We have a freezer full of pig. Well, technically, we have a freezer full of half a pig.
Plus an entire lamb, including the head. But that's another story.
We were inspired to go the whole hog, if you pardon my pun, by an overdose of Hugh and his pigs.
Which is cuter? Hard to tell, really.
We got this half-pig, or rather this pig that was cut in half, from a local farm in the fall. We now have 80 pounds of various pig parts in the freezer. Each package is so neatly wrapped in white paper, like lumpy, meaty presents just waiting to be opened. Our half a pig makes for a rather lot of packages.
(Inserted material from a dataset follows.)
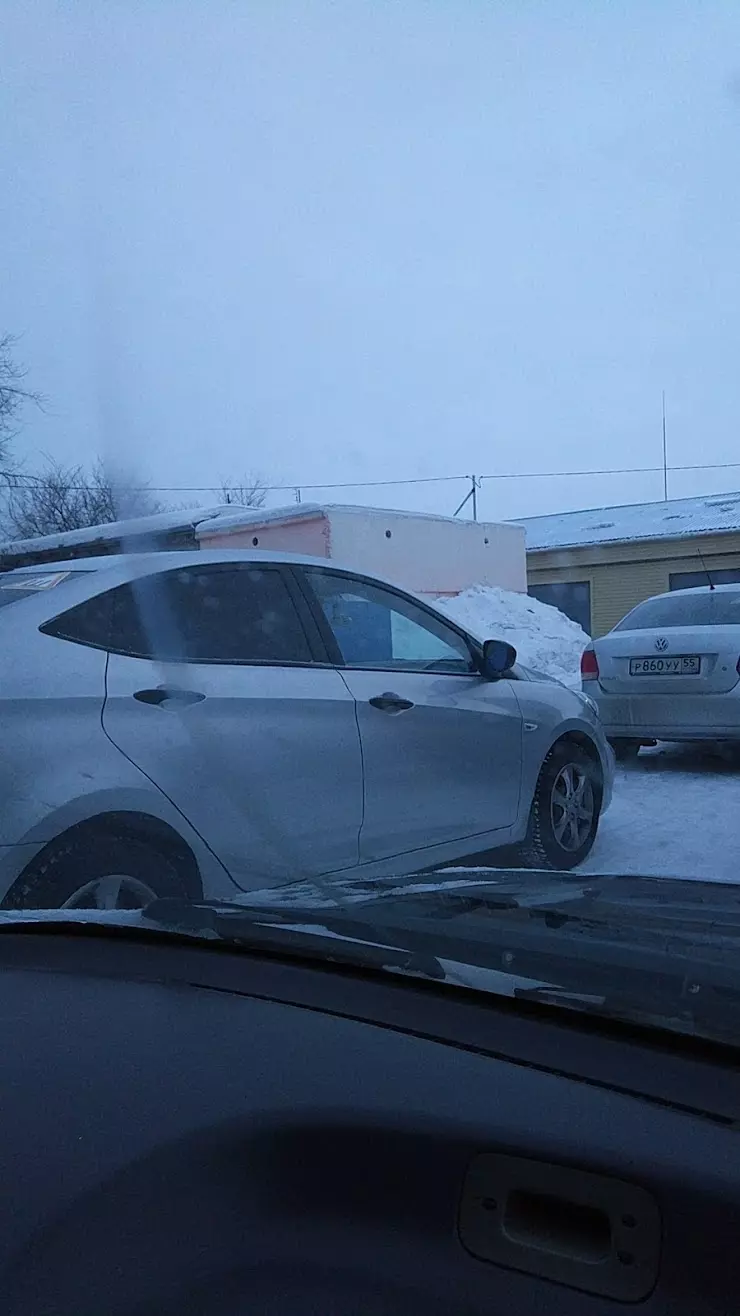 Ветеринарная Лечебница Октябрьского И Центрального Округов в Омске, ул.  Куйбышева, 131 - фото, отзывы 2024, рейтинг, телефон и адрес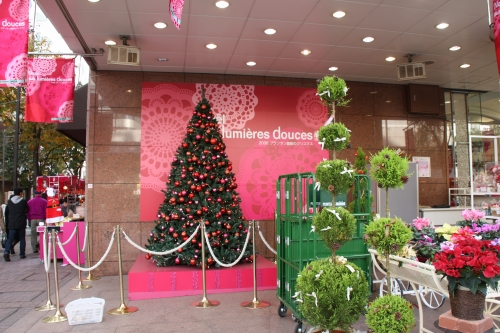 e0121110_2044429.jpg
The labels are small, and they're all stacked up, so it's hard to aim for something in particular.
Usually we just reach in and grab for the one that catches our fancy.
Today's grab was tenderloin.
Here in the heartland, we take a tenderloin, or t-loin, as we affectionately call it, pound it flat, dredge it in bread crumbs, deep fry it. Then, we stuff it in a too-small bun, so its embarrasing pulchritude overflows the inadequate bread mitt we use to keep a grip on the hot, crispy hubcap of a meal.
That has a certain appeal, I will not deny.
But sometimes tenderloin would like to be treated with a little more respect.
And that is truly where pork comes into its own. It has a sweet, mild taste that pairs well with a variety of flavors, but it can stand up to a little bit of heat, too. I found it hard to resist the glowing combination of green apples, orange apricots and pink peppercorns, topped with a golden zesting of Meyer Lemon. It's a veritable rainbow of colors that cuts through the dreary winter weather and also makes a surprisingly complex combination of flavors - sharp, tart, citrusy, with zing from small pops of scattered pink peppercorn.
When stuffing a tenderloin, you want to make as much surface area as possible to spread the filling onto. I used a knife to cut open this 2-pound pork loin roast with tenderloin, a little like unfolding a book. It naturally fell open along the muscle bundles, and then I cut lengthways from the center to the left about two-thirds of the way through, and from the center to the right, about two-thirds of the way through, and opened up each side.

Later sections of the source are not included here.